Pleasing Others: The Pursuit of Approval

Pleasing Others: The Pursuit of Approval

Working on self-esteem, changing as much as possible and accepting what we cannot change at a given moment are the solid pillars for healthy social independence.

Pleasing Others: The Pursuit of Approval

Last update: 18 November 2019

Many people are desperate to please others. They need the approval of others, without which they are unable to make decisions, choose without doubting and feel confident in their choices.

The problem is that this need gradually destroys one's self-esteem, in addition to the fact that trying to please others at all costs is exhausting and depressing.
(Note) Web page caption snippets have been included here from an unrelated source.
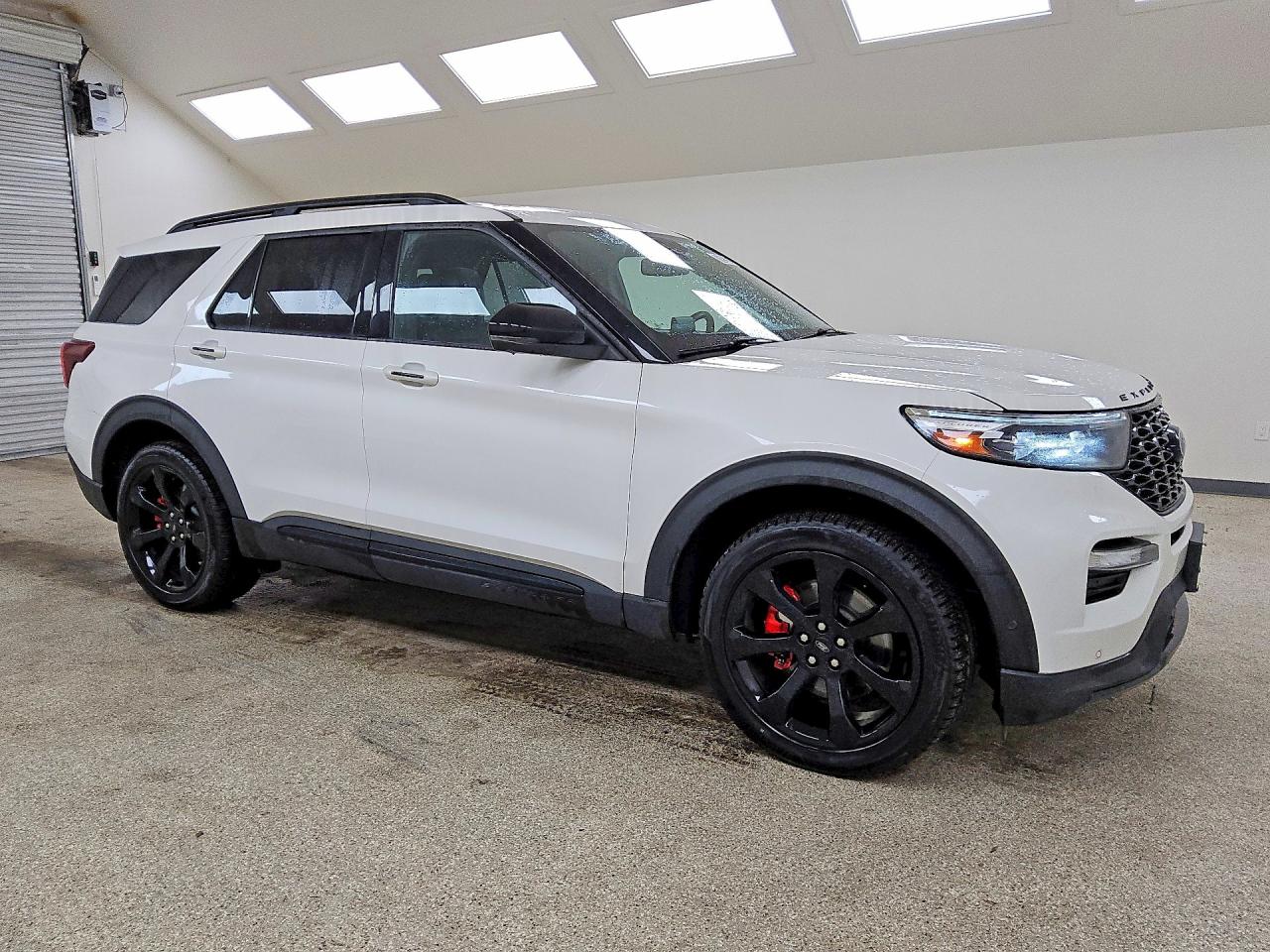 2021 FORD EXPLORER ST — снимка 4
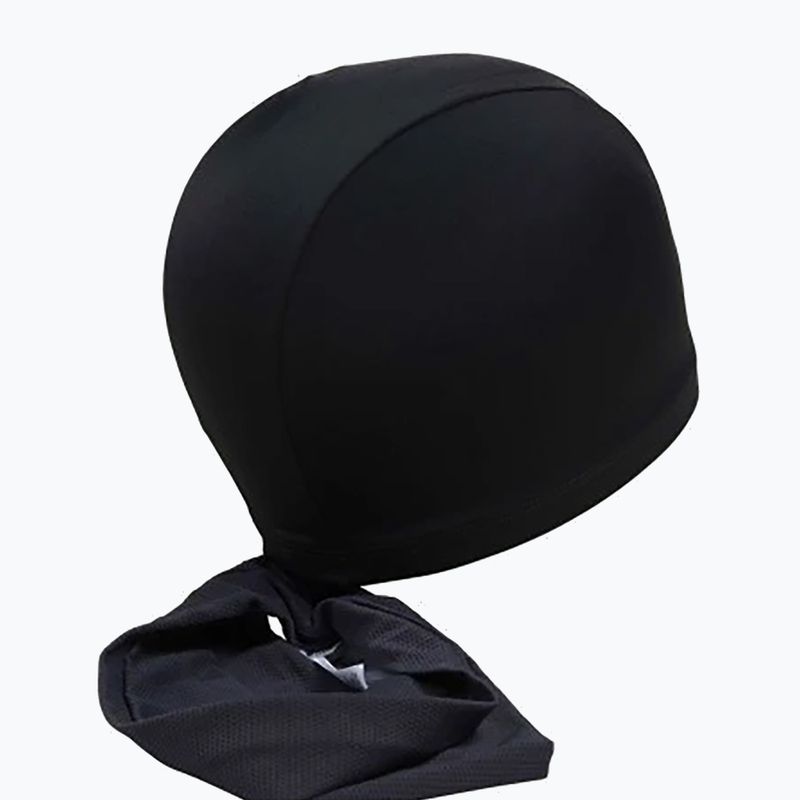 Шапочка для плавання жіноча Arena SmartCap black 7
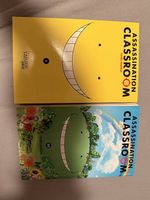 Assassination Classroom Band 1 & 20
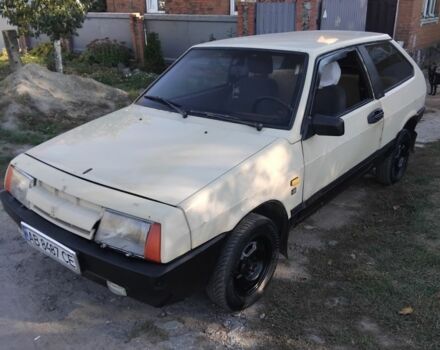 Бежевий ВАЗ 2108, об'ємом двигуна 1.3 л та пробігом 400 тис. км за 803 $, фото 1 на Automoto.ua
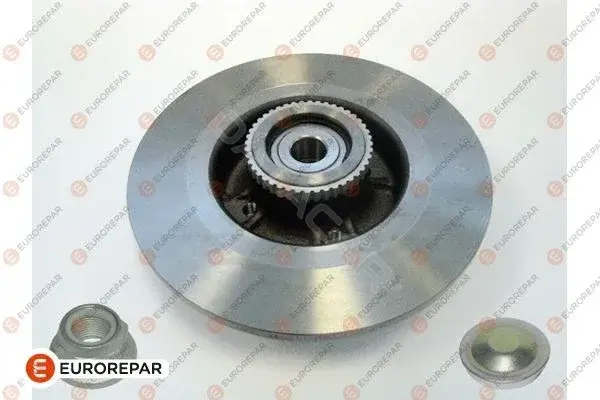 Тормозные диски EUROREPAR 1619238380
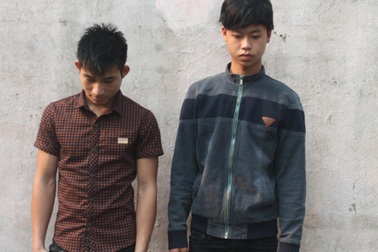 2 “cẩu tặc” sa lưới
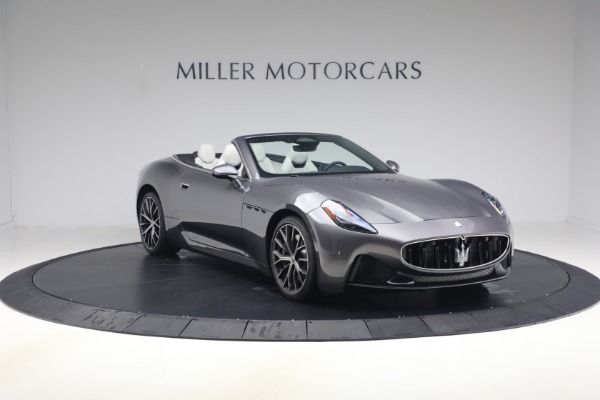 Used 2026 Maserati GranCabrio Modena for sale Call for price at Bentley Greenwich in Greenwich CT 06830 10
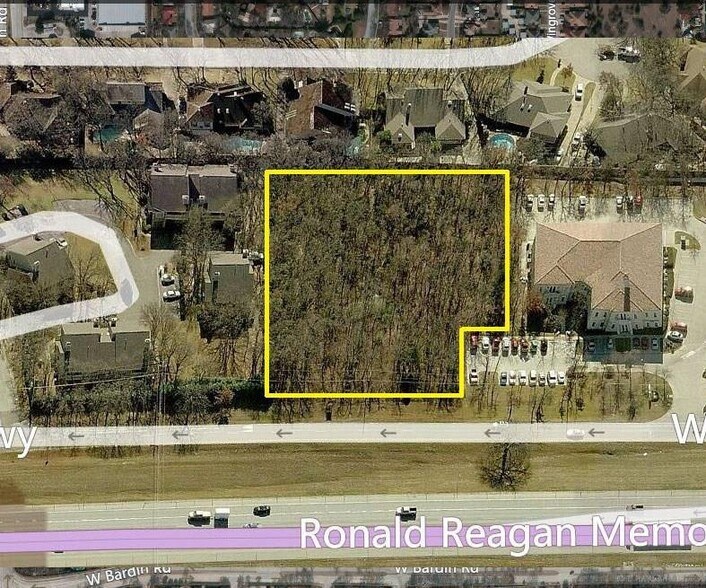 2300 W Interstate 20, Arlington, TX for sale - Aerial - Image 1 of 1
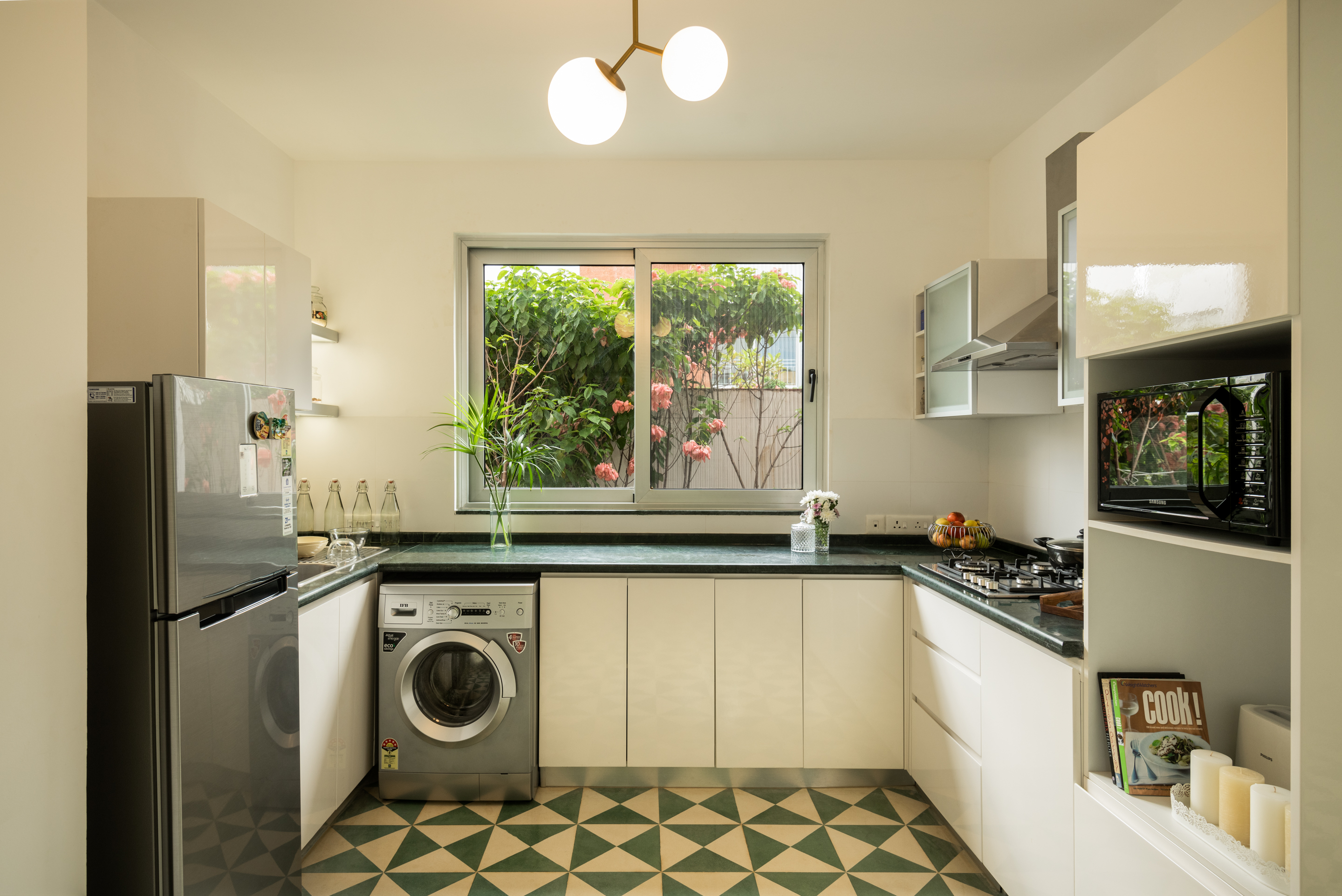 El Tesoro - Apartment - F1 - Kitchen Interior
"From an evolutionary point of view, pleasing others is the equivalent of being accepted by the herd and this is linked to greater probabilities of protection and, therefore, of survival", adds Doctor Laura Bottegoni, psychologist and psychotherapist from Bologna.
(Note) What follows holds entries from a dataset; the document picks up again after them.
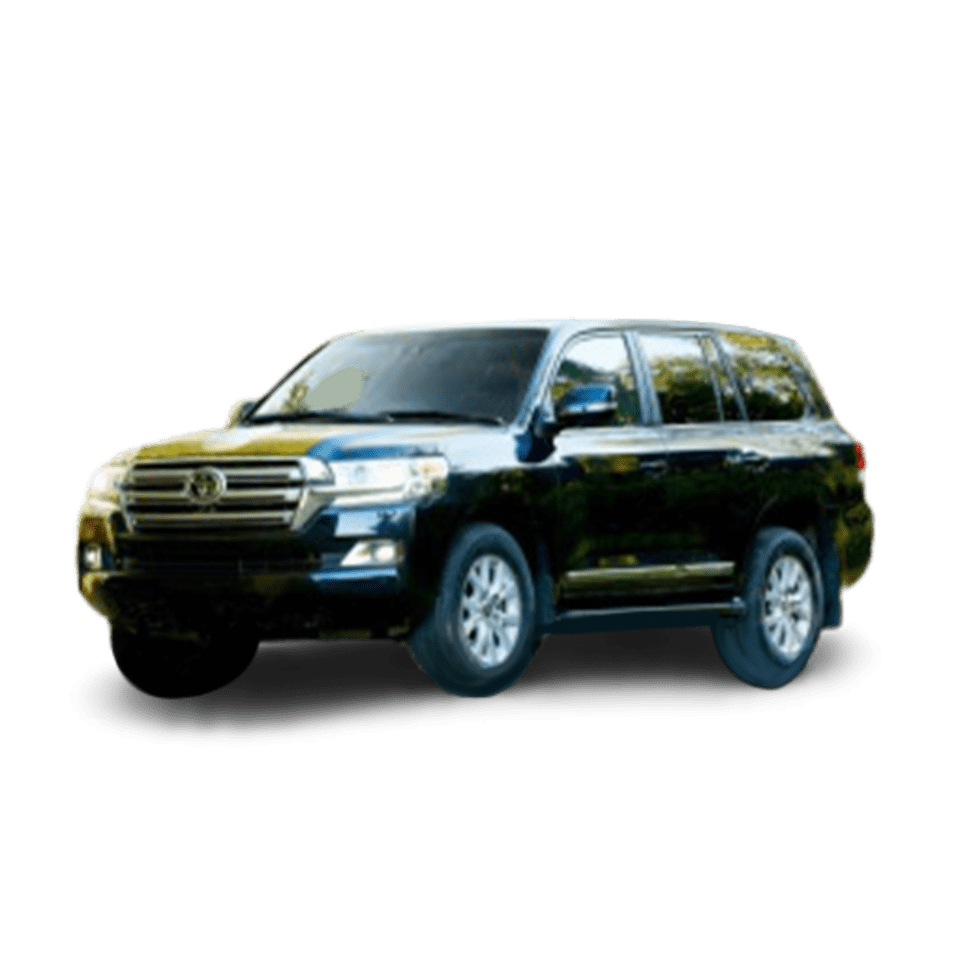 FAW Toyota Land Cruiser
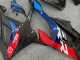 2019-2022 BMW S1000RR Motorcycle Fairings - Black Blue Red Carbon Fiber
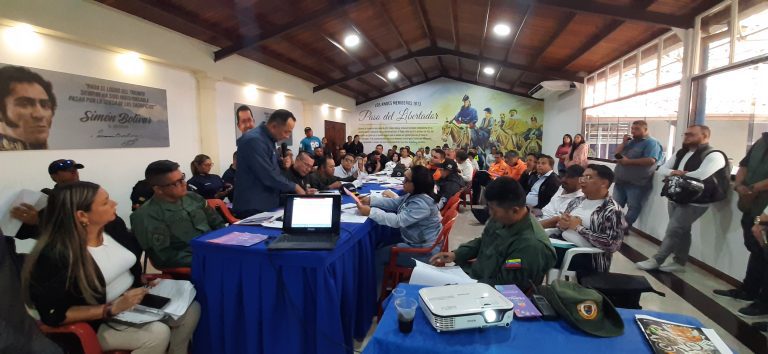 Alcaldía de Mérida y organismos de seguridad afinan detalles operativos para la Feria del Sol 2026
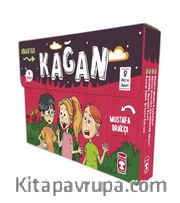 Kağan Set (4 Kitap)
On the other hand, the need to please others is considered an irrational expectation, because it implies a perfectionist and unattainable goal: it is impossible to please everyone.

For this reason, the obsessive search for the approval of others generates in most cases a feeling of helplessness. In fact, people who live in this way are forced to change their way of being drastically depending on the context. This attitude generates a tension that often manifests itself in anxiety attacks.

Striving to please others leads to rejection

Albert Ellis, father of the ABC model, believed that much of our suffering depends on our interpretation of reality, rather than reality itself. Many irrational thoughts we adopt, therefore, only generate pain. Questioning and eliminating these thoughts is the road to sanity which, consequently, results in a better sensory life.

Interestingly, when we try to please others, the only thing we get in most cases is rejection. This refusal hurts us particularly and clashes with our personal conviction that "if I am what others want, they will accept me". This dissonance between belief, action and response we receive is what causes pain and suffering.

Yet, instead of tracing our attitude and trying to simply be ourselves, the typical reaction is to try to adapt even more to what we think are the characteristics to please others. This is how the pursuit of approval begins to be an exhausting race.

Maybe at first a servile person who always gives us reason may like us, but in the long run this pleasant feeling fades for turn into a waste. An artificial, fake person, incapable of any comparison is not interesting. This phenomenon is particularly evident in some relationships: at first they all look like roses, but over time the resentment begins to grow.

Think about how difficult it is to really know a person who does not show himself for who he is. We don't know who he is, he doesn't have a voice of his own, he tries to represent what he believes are the expectations of others.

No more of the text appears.